> EXERCISE AIM
Only the tail of the listing is wanted: the line containing "Shiny - adult" and all after it, repeated exactly, pictures omitted.

> DATA SHOWN
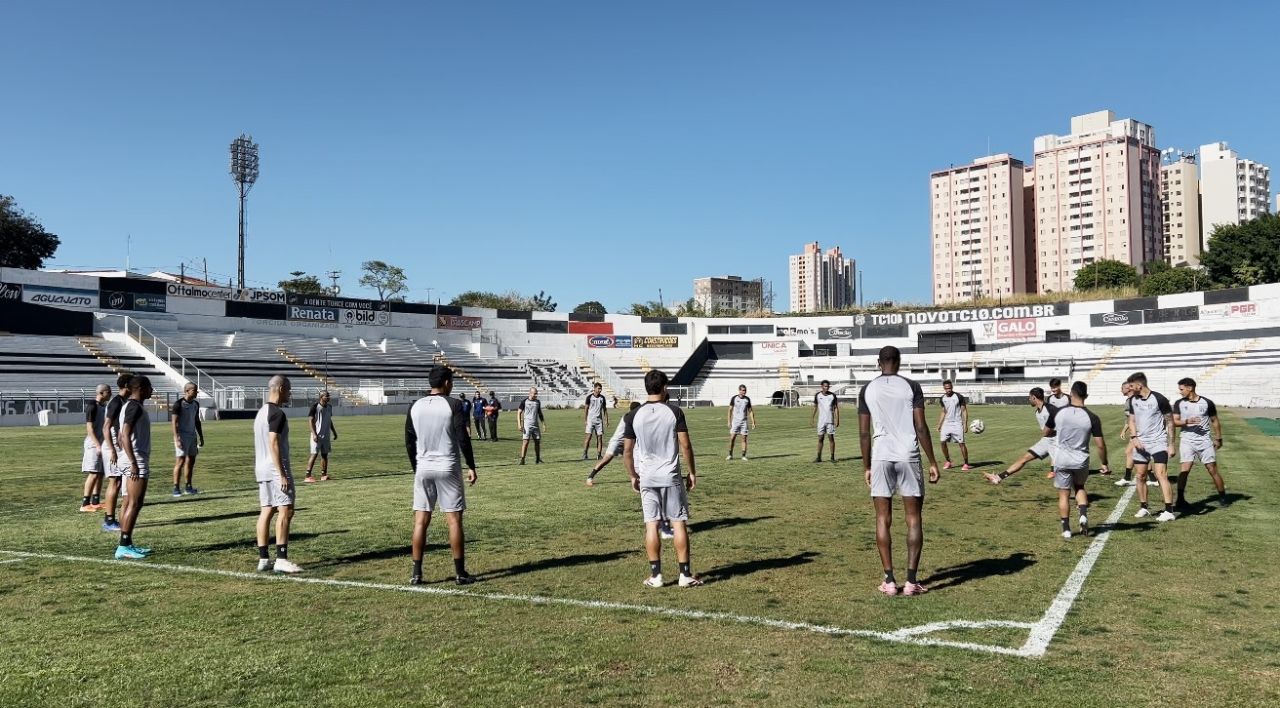Treino da Ponte Preta no Majestoso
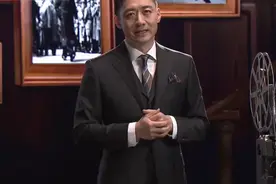 在结束印度的访问后，周恩来火速赶往柳州，会见胡志明视频封面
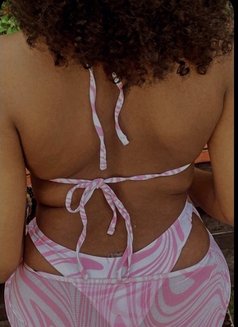 Shiny - adult performer in Khobar Photo 4 of 5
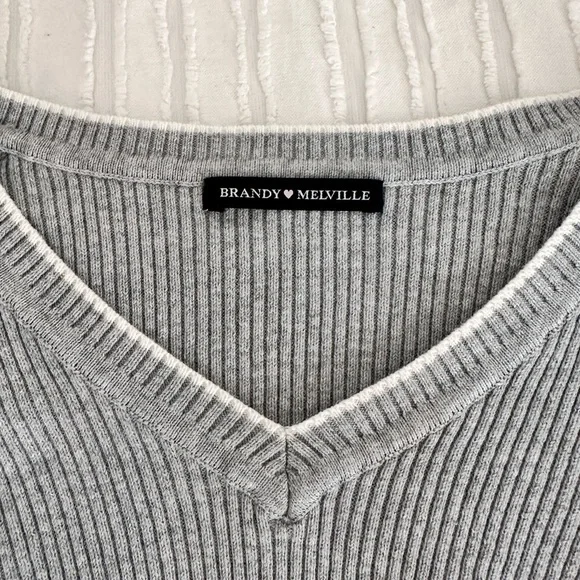Brandy Melville Gray Ribbed Long Sleeve Top - Picture 3 of 5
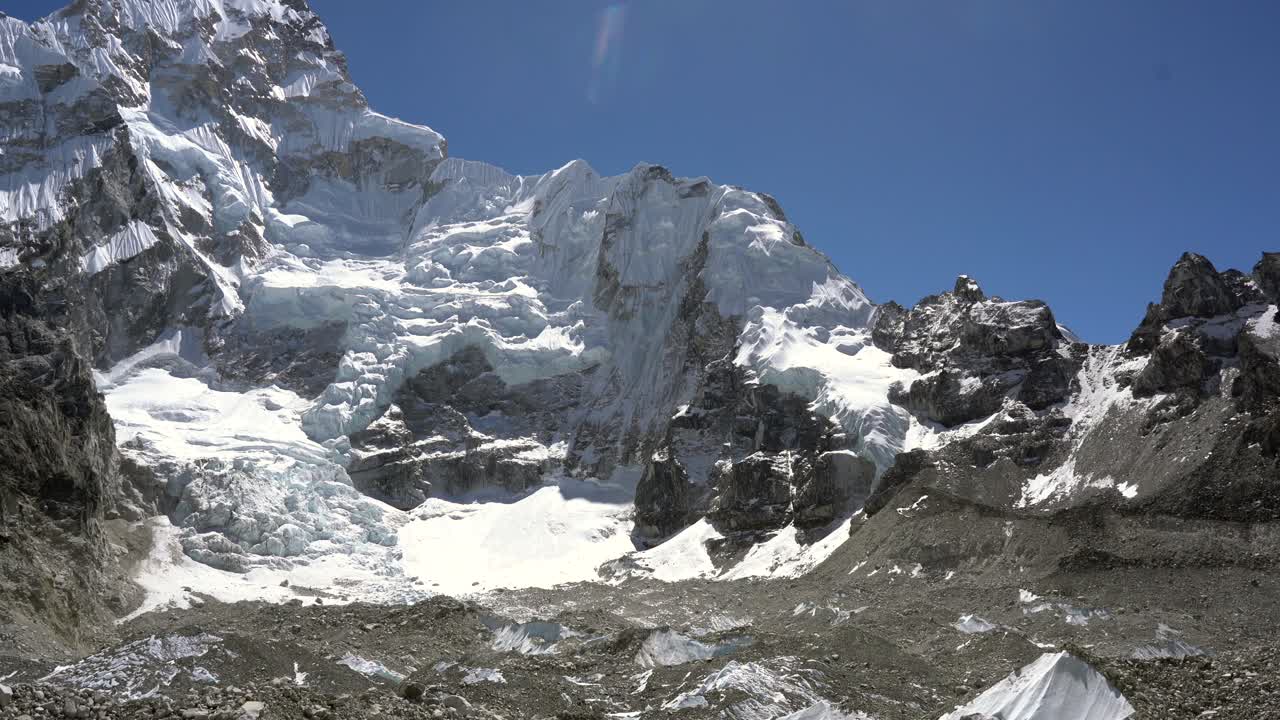 una hermosa vista de las montañas del himalaya en el valle de khumbu
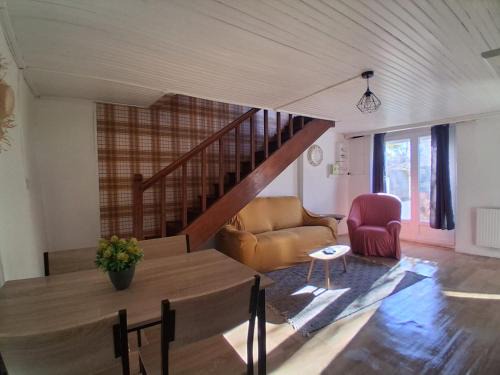 Beaune-les-Mines Apartment | Maison de l'harmonie à Limoges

> SOLUTION TO THIS PROBLEM
 Shiny - adult performer in Khobar Photo 4 of 5
Brandy Melville Gray Ribbed Long Sleeve Top - Picture 3 of 5
 una hermosa vista de las montañas del himalaya en el valle de khumbu
 Beaune-les-Mines Apartment | Maison de l'harmonie à Limoges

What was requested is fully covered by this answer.